Sowing the Seeds of Success
Thoughtful planning process yields better results for a new program at the MDA
Last spring, the Minnesota Department of Agriculture (MDA) partnered with The Improve Group (IG) on a strategic planning process to implement a new USDA food safety produce rule that will impact produce growers and handlers throughout Minnesota. Our mission at the MDA is to enhance Minnesotans’ quality of life by ensuring the integrity of our food supply, the health of our environment and the strength of our agricultural economy.
Minnesota is a top agricultural state, boasting a rich diversity of farms and farmers, and we knew we would need to get a lot of new information about the produce safety rule out into many different communities. With a number of challenges—such as growers speaking languages other than English, unfamiliarity with government programs and inspections, concerns about record-keeping, lack of access to Internet and other technologies, and others—how would we go about assisting farmers in learning about the rule and making any needed changes across the state?
Going into the strategic planning process, we wanted to create a plan consistent with our values and those of IG: one that would be culturally responsive and foster equity. As the team lead on this process, I would like to share some of my thoughts on how working with IG helped us ensure that our approach was the right one.
First, we wanted to bring in as many stakeholders as possible to really learn what was important and of concern to them. It was important for us to just listen and learn. Using a Culturally Responsive Approach, the IG team worked with us to identify and convene a Stakeholder Advisory Group that represented many different points in the produce distribution chain—from small farmers and growers to manufacturers, wholesalers and distributors. IG also conducted key informant interviews with a number of individuals who work in different parts of the system, from diverse cultural communities (e.g., Amish, Latino, Hmong, Karen), to organizations such as the Hmong American Farmers Association, The Good Acre, the Minnesota Apple Growers Association, Minnesota Grocers Association, and others.
IG led the core MDA team through a planning process that involved deep reflection on and integration of the ideas that emerged from the advisory committee meetings and interviews. This process gave us new understanding of how to customize our messaging and support for different groups in order to help farmers implement Produce Safety Rule requirements.

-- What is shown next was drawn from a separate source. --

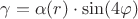 $ \gamma = \alpha(r) \cdot \sin(4\varphi)$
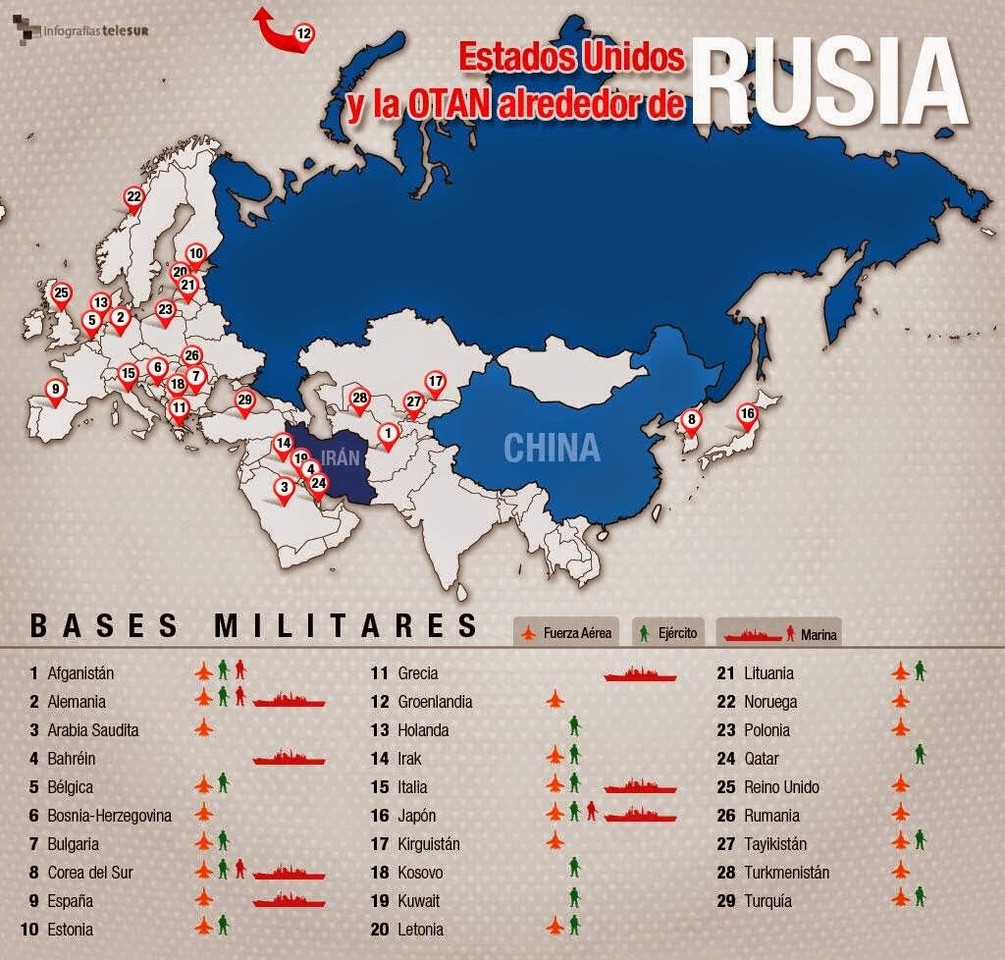 Mapa bases militares NATO_2 Mapa bases militares NATO_2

While we uncovered many useful strategies through this process, an overarching theme that emerged was that there is no one-size-fits-all approach. A second related and strong theme was that an effective, and customized program will require ongoing attention to developing trust and deepening relationships with diverse communities and stakeholders. Deepening our relationships with community stakeholders will be the guiding ethos for implementing the rule, which we will live out through one-on-one meetings with members of the supply chain and ongoing advisory meetings. Our hope is for this program to embody authentic engagement rather than using more traditional approaches to gathering input that often result in stakeholders not feeling heard.
Because this is a new program for the MDA, we have a special opportunity to weave in a thoughtful process from the very beginning and to structure and tailor our program to the needs of our produce growers and other stakeholder organizations. Working with partner organizations who know and are trusted in the community, we are able to get our message out: We are here to support farmers and help all of us have a safer food supply. That is something everyone can get behind.
About the Author
Valerie Gamble is the Produce Safety Program Manager at the Minnesota Department of Agriculture. Previously she worked as an inspector and supervisor in the food inspection program and worked with industry groups, non-profit organizations, and state and local agencies around Minnesota to provide information and raise awareness of food and feed safety programs and regulations. She has a Master’s Degree in Geological Sciences and also worked for five years with organic and conventional farms and orchards in California, first directly with farms and then with the Agricultural Extensions program at the University of California, Davis.